Still, Churchill is actually the most accessible place in the world where you can see polar bears in the wild. Bears congregate there in October and November, waiting for sea ice to form on the bay so that they can head back out to sea to hunt.
The bears’ stark realm—snow-covered tundra against a steel-gray sea—may seem desolate and bleak, but when you feel the crisp air against your face and watch a couple of juvenile bears play-fight, or a mother bear nurse a year-old cub, you feel immensely privileged. Churchill suddenly seems a place of abundance. There is freedom in your time on the tundra as you observe polar bears from the safety of a specially outfitted polar rover.
And despite eking out an existence in a place where temperatures can average 15 below zero, 35-year resident Vicki McEwan says she relishes how Churchill’s extremes have given her children a sense of the wonder the world holds.

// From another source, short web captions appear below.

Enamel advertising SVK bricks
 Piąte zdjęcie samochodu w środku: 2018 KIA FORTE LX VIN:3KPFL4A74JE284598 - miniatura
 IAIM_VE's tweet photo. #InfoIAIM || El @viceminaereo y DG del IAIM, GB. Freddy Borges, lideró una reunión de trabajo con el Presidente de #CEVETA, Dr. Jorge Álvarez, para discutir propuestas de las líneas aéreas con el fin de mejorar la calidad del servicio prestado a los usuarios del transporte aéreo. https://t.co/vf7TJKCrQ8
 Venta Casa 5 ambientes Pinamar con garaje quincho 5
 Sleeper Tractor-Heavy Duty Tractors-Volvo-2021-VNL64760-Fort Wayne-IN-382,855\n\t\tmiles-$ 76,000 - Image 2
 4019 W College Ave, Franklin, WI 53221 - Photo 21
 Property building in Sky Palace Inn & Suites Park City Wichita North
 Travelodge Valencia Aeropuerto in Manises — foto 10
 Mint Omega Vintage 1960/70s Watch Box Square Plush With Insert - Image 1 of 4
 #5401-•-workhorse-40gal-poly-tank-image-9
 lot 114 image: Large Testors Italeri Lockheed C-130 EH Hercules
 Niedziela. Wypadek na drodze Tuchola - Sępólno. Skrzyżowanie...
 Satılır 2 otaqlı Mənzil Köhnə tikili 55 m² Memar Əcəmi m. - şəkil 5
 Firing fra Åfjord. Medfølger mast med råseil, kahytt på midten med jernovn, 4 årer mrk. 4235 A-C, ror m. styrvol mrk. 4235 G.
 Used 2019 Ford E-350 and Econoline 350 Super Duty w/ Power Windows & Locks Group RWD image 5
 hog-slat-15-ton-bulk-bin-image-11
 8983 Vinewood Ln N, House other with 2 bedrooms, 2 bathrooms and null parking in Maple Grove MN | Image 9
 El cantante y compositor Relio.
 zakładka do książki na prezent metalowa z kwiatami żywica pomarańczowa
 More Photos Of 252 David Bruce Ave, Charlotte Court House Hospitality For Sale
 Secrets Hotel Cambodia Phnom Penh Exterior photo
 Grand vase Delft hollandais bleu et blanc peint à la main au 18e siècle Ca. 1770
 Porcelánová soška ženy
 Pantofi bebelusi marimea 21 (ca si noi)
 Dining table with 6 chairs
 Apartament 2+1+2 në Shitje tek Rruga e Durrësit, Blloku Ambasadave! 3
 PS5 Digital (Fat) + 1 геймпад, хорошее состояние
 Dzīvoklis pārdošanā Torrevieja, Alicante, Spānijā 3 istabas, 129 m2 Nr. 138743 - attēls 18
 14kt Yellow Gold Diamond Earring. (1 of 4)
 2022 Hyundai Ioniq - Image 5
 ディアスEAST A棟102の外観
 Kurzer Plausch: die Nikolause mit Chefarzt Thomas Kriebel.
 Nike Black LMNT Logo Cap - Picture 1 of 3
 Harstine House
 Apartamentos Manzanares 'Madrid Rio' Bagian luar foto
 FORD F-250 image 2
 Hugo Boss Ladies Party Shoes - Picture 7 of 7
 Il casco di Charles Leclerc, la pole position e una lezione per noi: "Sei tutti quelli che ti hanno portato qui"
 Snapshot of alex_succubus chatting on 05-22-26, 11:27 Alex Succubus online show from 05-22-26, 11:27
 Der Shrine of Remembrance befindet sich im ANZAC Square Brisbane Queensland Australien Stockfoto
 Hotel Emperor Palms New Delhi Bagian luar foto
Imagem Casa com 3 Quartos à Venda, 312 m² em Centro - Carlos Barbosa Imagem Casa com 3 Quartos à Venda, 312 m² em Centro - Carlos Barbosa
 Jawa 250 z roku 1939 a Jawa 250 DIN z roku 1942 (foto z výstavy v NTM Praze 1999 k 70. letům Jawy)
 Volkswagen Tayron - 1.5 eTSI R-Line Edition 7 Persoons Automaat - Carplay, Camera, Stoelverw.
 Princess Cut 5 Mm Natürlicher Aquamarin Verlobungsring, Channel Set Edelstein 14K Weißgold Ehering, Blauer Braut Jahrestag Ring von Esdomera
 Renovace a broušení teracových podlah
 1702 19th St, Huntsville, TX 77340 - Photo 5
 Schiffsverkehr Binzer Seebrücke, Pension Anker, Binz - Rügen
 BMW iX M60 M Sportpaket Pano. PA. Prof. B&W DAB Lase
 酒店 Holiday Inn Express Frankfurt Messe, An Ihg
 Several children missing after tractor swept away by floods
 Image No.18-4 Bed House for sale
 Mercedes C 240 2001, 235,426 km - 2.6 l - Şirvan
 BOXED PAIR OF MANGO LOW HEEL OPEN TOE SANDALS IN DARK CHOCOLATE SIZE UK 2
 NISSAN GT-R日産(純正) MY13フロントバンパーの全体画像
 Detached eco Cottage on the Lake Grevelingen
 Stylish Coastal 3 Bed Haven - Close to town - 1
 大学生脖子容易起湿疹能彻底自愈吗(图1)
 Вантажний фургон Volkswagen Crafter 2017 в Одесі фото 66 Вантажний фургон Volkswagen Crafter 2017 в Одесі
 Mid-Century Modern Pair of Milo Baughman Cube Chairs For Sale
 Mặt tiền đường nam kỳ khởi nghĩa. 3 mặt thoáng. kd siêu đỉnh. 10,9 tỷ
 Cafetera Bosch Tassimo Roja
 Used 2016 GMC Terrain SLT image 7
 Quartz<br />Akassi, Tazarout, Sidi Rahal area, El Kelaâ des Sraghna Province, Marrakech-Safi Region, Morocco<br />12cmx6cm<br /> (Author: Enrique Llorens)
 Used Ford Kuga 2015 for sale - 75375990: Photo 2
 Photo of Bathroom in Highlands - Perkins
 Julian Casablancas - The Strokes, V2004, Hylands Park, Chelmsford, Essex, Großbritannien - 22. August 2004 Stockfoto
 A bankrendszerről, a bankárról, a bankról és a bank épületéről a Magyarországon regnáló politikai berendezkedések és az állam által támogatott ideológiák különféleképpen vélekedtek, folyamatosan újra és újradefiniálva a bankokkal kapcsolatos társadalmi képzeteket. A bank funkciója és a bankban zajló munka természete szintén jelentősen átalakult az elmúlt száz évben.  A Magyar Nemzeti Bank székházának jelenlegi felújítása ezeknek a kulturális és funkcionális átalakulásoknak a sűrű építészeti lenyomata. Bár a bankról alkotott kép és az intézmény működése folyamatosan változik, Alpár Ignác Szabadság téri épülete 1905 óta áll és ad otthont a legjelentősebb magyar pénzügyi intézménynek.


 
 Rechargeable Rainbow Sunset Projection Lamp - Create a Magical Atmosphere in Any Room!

But those who call Churchill home also spend their time living on alert. Polar bears often wander through town, and human-polar bear conflicts do occur. “It’s challenging,” says Kelly Turcotte, a year-round resident who runs a dogsledding operation. “We are in their land, their area, so we have to coexist.”
Like polar bears adjusting to the effects of climate change, the residents of Churchill have to be willing to adapt. As I learned from spending a week there, they are more than willing to do so for the freedom they gain in return.